(Stored dataset items)
◆ ◆ ◆ ◆ ◆ ◆ ◆

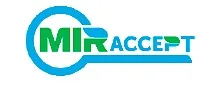 MIR Accept
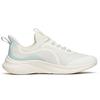 New Anta Feihong Cushioning Anti-Slip And Wear-Resistant Low-Top Running Shoes Women's White Blue 922135541-5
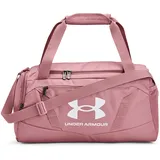 Under Armour Undeniable 5.0 XS 1369221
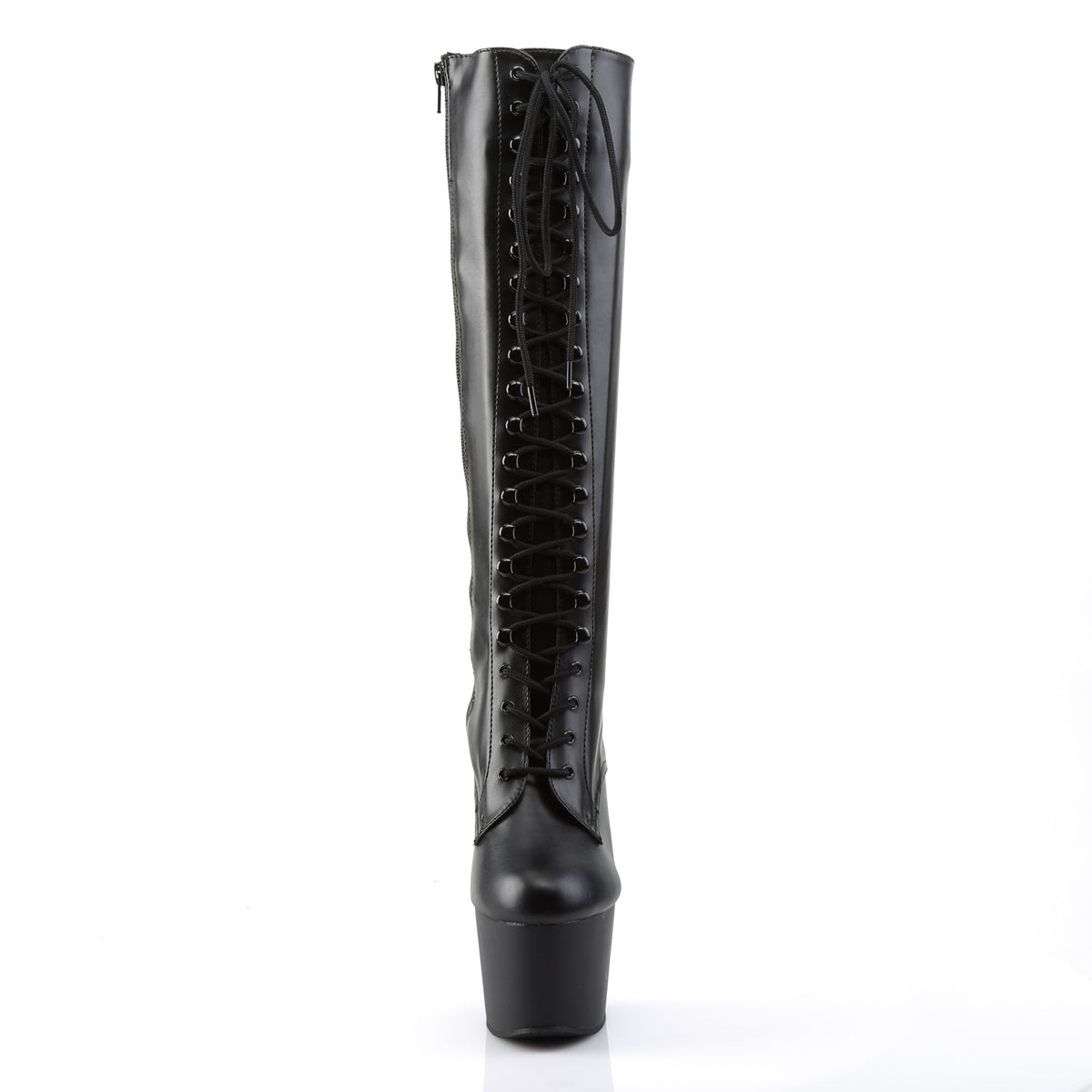 Botas de plataforma #ADORE 2023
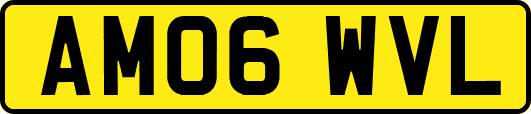 AM06WVL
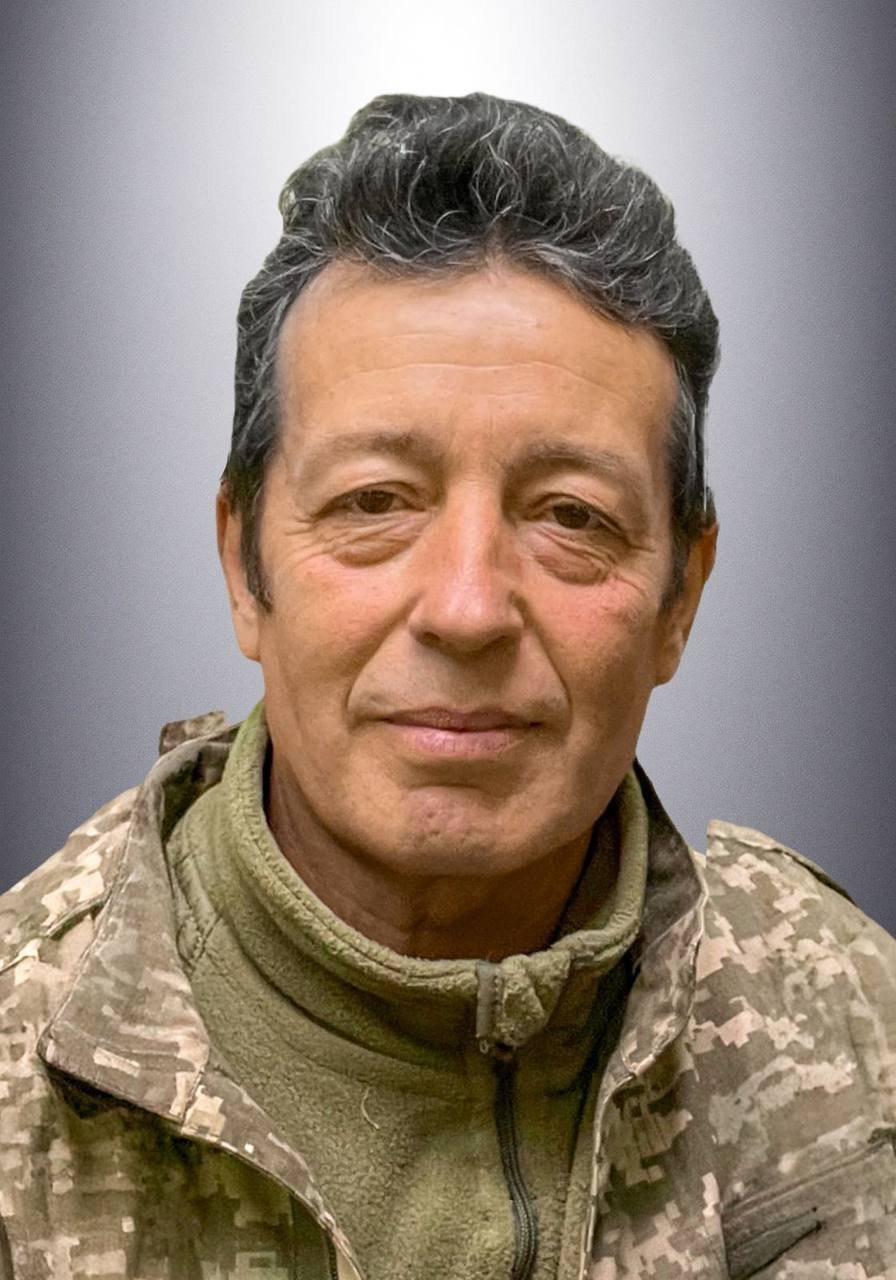 � ����� ������������ �� ����� �������, - ����, ����-1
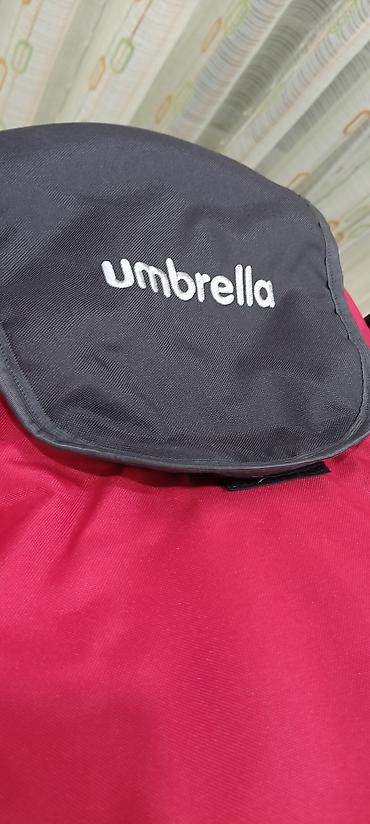 yungul uşaq arabası: Uşaq serebral iflic arabası – Umbrella brendi. Qiymeti 3200man — 4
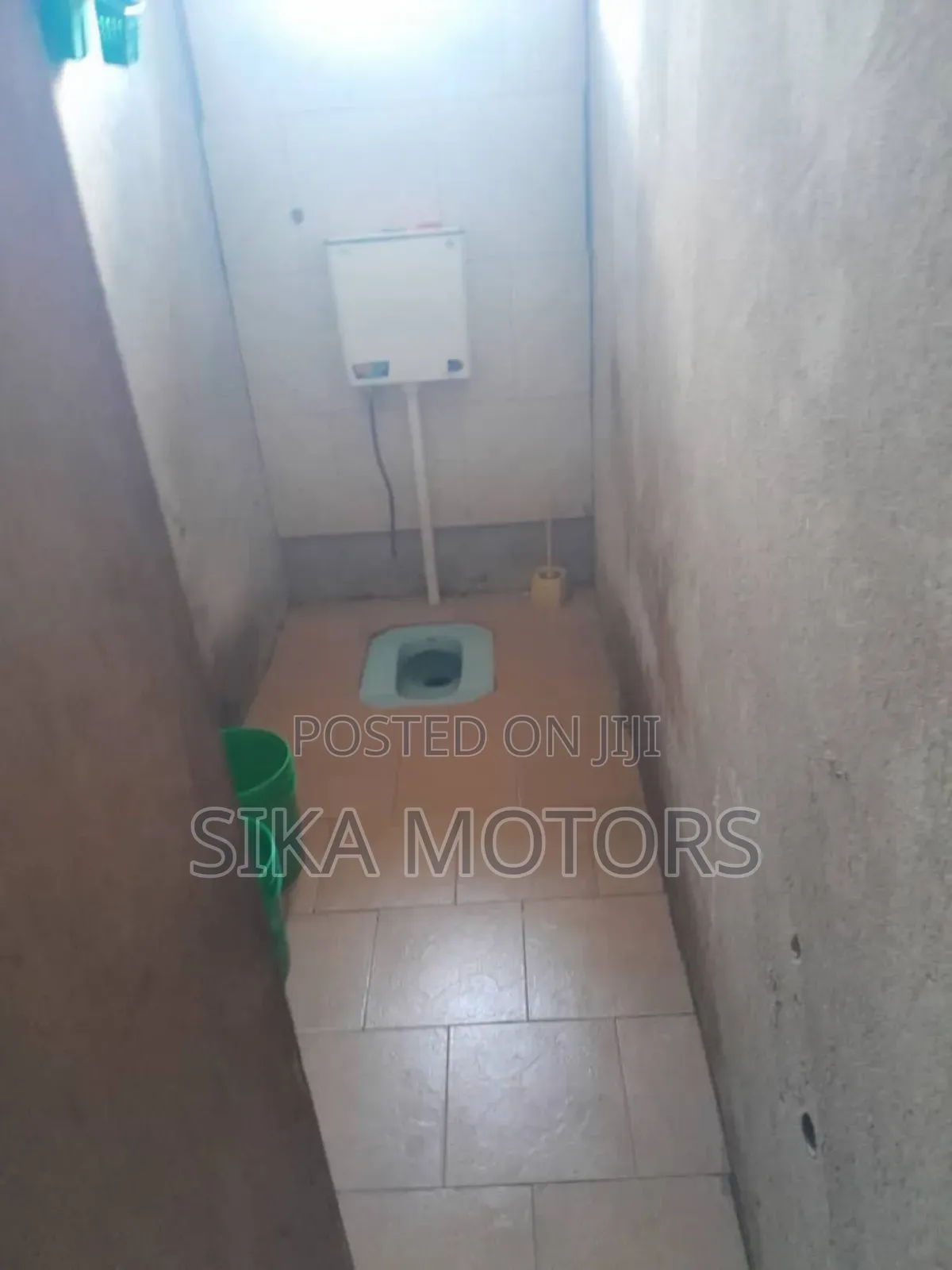 3bdrm House in Kinondoni for sale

◆ ◆ ◆ ◆ ◆ ◆ ◆

→ **WHAT IS BEING ASKED**: Retype all records exactly as shown above, images excluded.

→ **EXPECTED ANSWER**:
 MIR Accept
 New Anta Feihong Cushioning Anti-Slip And Wear-Resistant Low-Top Running Shoes Women's White Blue 922135541-5
 Under Armour Undeniable 5.0 XS 1369221
 Botas de plataforma #ADORE 2023
 AM06WVL
 � ����� ������������ �� ����� �������, - ����, ����-1
 yungul uşaq arabası: Uşaq serebral iflic arabası – Umbrella brendi. Qiymeti 3200man — 4
 3bdrm House in Kinondoni for sale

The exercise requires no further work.